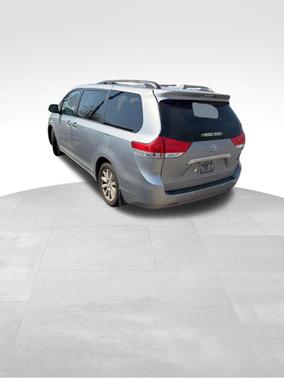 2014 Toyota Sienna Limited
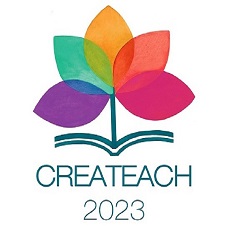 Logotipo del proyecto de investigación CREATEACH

...

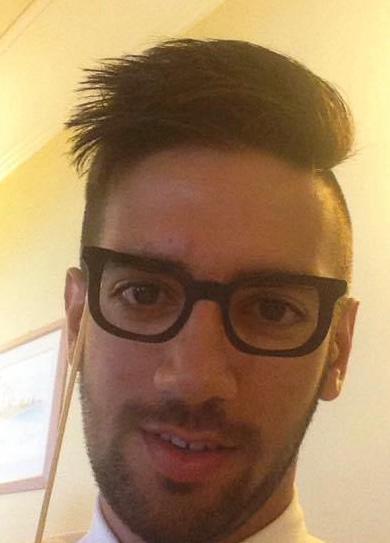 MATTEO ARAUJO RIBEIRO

Your instructions:
Whatever pictures the records hold, omit them; give again exactly the lines from the one containing "2014 Toyota Sienna Limited" through the one containing "Logotipo del proyecto".

Solution for this problem:
 2014 Toyota Sienna Limited
 Logotipo del proyecto de investigación CREATEACH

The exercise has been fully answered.